Handelsblatt, Anja Müller, Arno Schütze
Die Familienholding Näder will künftig wieder zu 100 Prozent Eigentümer des Prothesenherstellers Ottobock sein. Das erfuhr das Handelsblatt am Freitagabend von der Familie. Finanzieren möchte Näder den Rückkauf eines 20-Prozent-Anteils, der derzeit beim Finanzinvestor EQT liegt, mit Geld von privaten Kreditfonds. Mithilfe der Banken Goldman Sachs und Deutsche Bank ist die Familienholding gerade dabei, eine Finanzierung zu organisieren. Das Closing sei bereits bis Januar 2024 geplant. EQT und die Banken lehnten Stellungnahmen ab.

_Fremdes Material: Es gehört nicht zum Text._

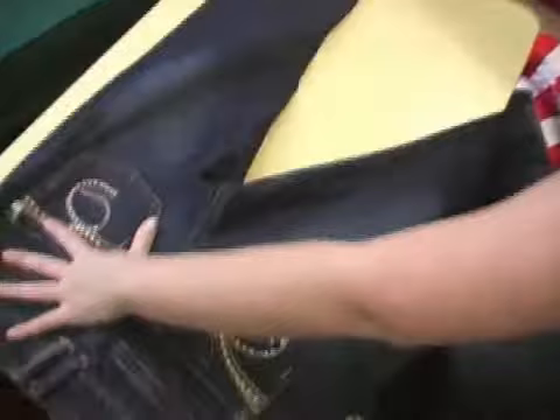I'm going to show you how to roll jeans. This is a really great space saver in a suitcase. With these, you want to lay them flat, and with rolling, you want to make as long and narrow a piece of clothing as you can.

Das Jahr 2023 sei hervorragend gelaufen, sagte Mehrheitseigentümer Hans-Georg Näder. Firmenchef Oliver Jakobi habe mit seinem Führungsteam zweistelliges Wachstum erzielt. Die Zahlen für das Gesamtjahr sind noch nicht bekannt, Ende August hatte Ottobock für das erste Halbjahr 2023 ein Umsatzwachstum von 17 Prozent und ein Plus von 16 Prozent beim bereinigten Ebitda gemeldet. Darüber hinaus hatte das Unternehmen verkündet, 2023 erstmals die Marke von 1,5 Milliarden Euro überschreiten zu wollen.
Hans-Georg Näder führt den Verwaltungsrat von Ottobock. Der Vertreter von EQT im Gremium, Marcus Brennecke, werde das Gremium verlassen, während die anderen drei familienfremden Vertreter Stefan Heidenreich (stellvertretender Vorsitzender), Michael Kaschke und Joachim Kreuzburg dem Gremium erhalten blieben, hieß es. Zugleich gab der Unternehmer bekannt, dass seine Tochter Georgia die Verantwortung für das Frankreichgeschäft übernimmt.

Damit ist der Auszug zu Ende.